AMD Launches Radeon R7 Series Solid State Drives With OCZ 64
MojoKid (1002251) writes AMD is launching a new family of products today, but unless you follow the rumor mill closely, it's probably not something you'd expect. It's not a new CPU, APU, or GPU. Today, AMD is launching its first line of solid state drives (SSDs), targeted squarely at AMD enthusiasts. AMD is calling the new family of drives, the Radeon R7 Series SSD, similar to its popular mid-range line of graphics cards. The new Radeon R7 Series SSDs feature OCZ and Toshiba technology, but with a proprietary firmware geared towards write performance and high endurance. Open up one of AMD's new SSDs and you'll see OCZ's Indilinx Barefoot 3 M00 controller on board—the same controller used in the OCZ Vector 150, though it is clocked higher in these drives.
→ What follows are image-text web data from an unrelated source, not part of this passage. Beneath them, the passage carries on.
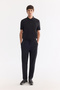 Men's Black Elastic Waist Bi-Stretch Quick Dry Technical Fabric Relaxed Fit Jogger Pants A61Y3255 - 7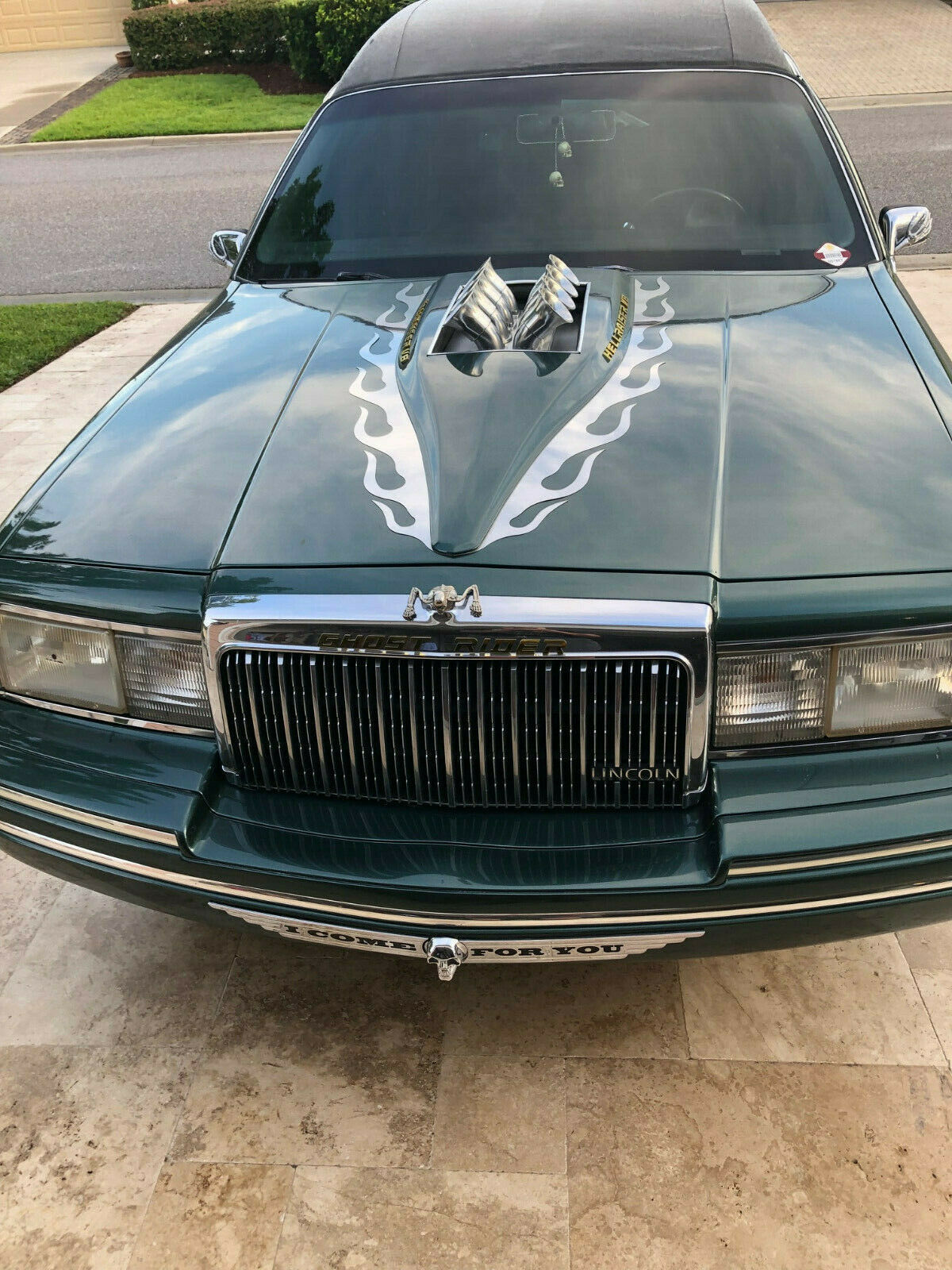 1994 Lincoln Hearse (Green Lincoln Ghost Rider Hearse) 1994 Lincoln Other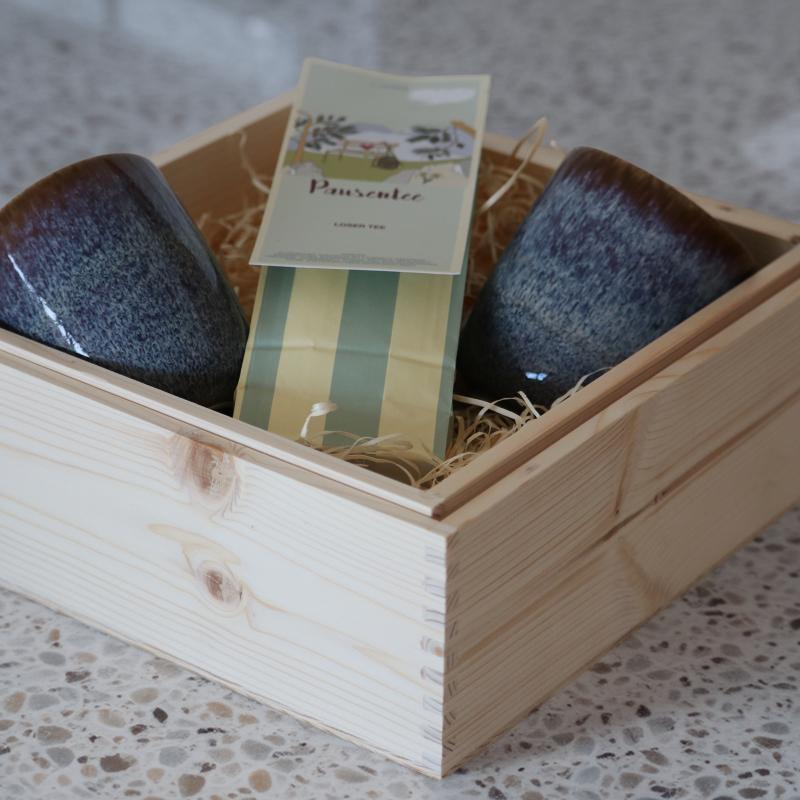 Geschenksbox Quadrat mit Tee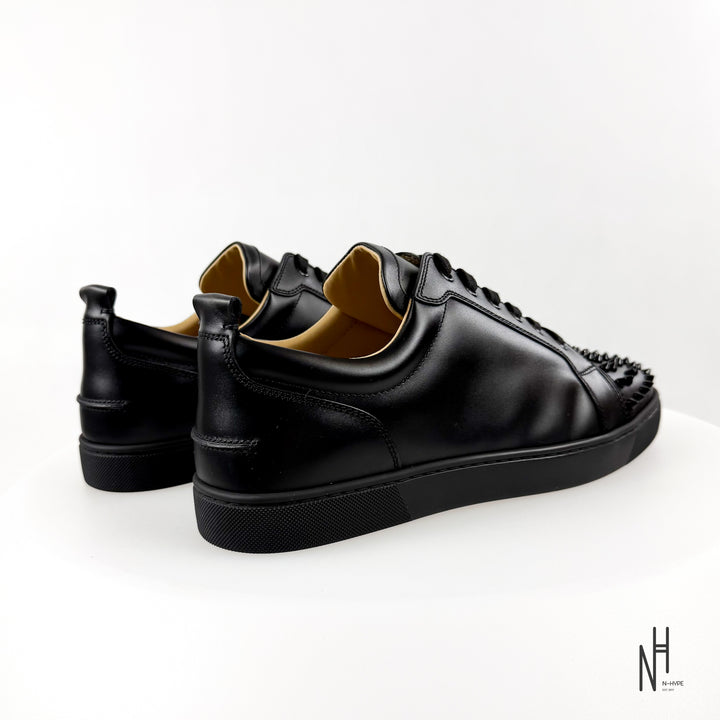 Christian Louboutin Louis Junior Spikes Flat Black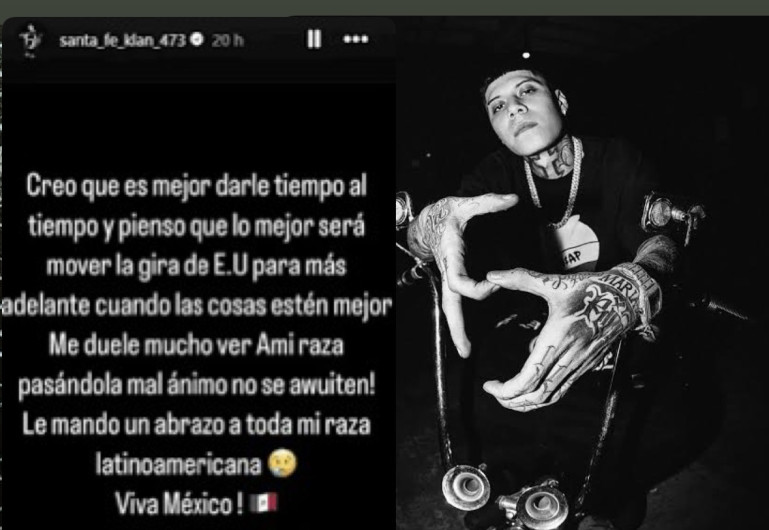 Santa Fe Klan cancela gira por EU ante redadas y protestas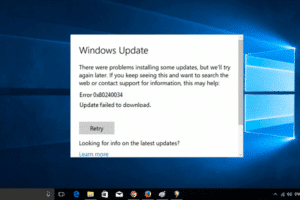 Solución: Error 0x80240034 en Windows Update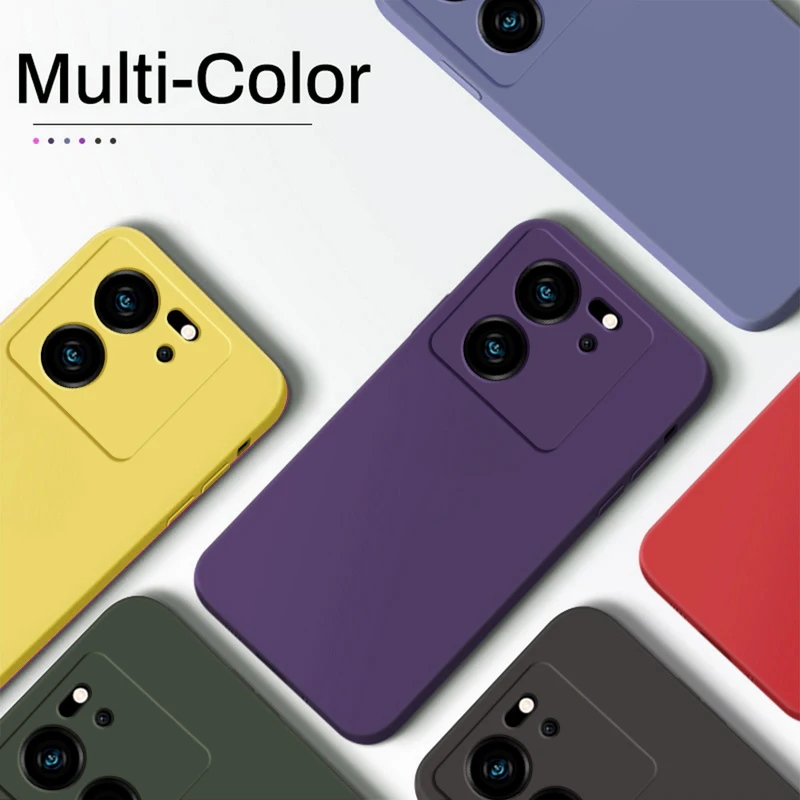 Mi 13T 13 T Mi13T Pro Case Luxury Square Liquid Silicone Phone Cases For Xiaomi Mi 13T Mi 13 T Pro Mi13T Pro 5G Soft Back Cover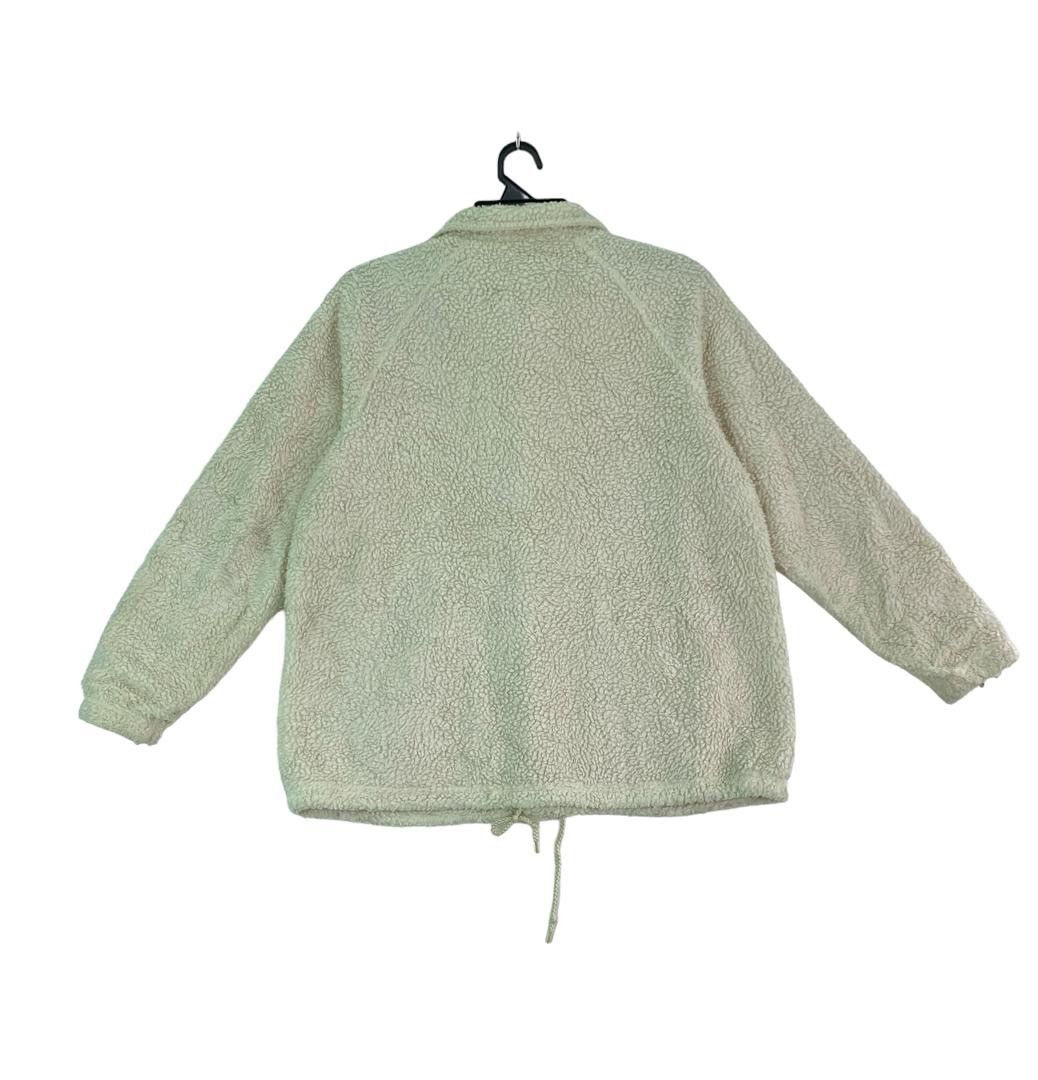 Beams Plus × Japanese Brand Vtg 90s BEAMS japan X Healthknit sherpa fleece coach jacket Size ONE SIZE - 4 Thumbnail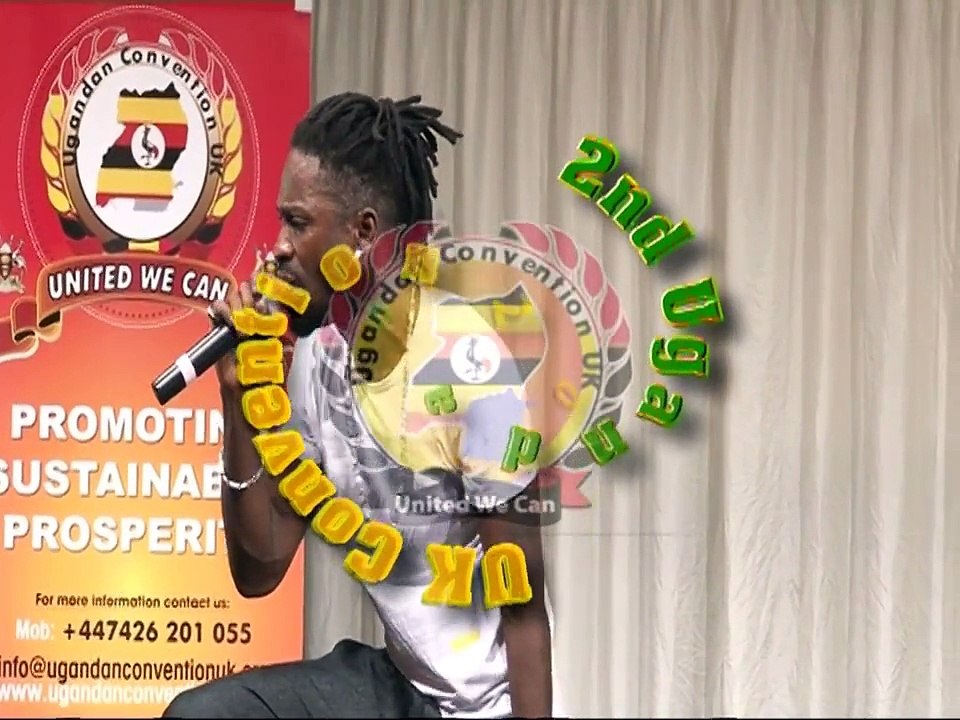 Bobi Wine singing Tugambire ku Jennifer at the 2ndUgandan Convention UK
That controller is paired to A19nm Toshiba MLC (Multi-Level Cell) NAND flash memory and a DDR3-1333MHz DRAM cache. The 120GB and 240GB drives sport 512MB of cache memory, while the 480GB model will be outfitted with 1GB. Interestingly enough, AMD Radeon R7 Series SSDs are some of the all-around, highest-performing SATA SSDs tested to date. IOPS performance is among the best seen in a consumer-class SSD, write throughput and access times are highly-competitive across the board, and the drive offered consistent performance regardless of the data type being transferred. Read performance is also strong, though not quite as stand-out as write performance.
Misleading Labeling (Score:2, Insightful)
The R7 series originally referred to the GPU. What happens when I order a GPU and they ship me a hard drive instead?
Someone at AMD isn't thinking very hard about this.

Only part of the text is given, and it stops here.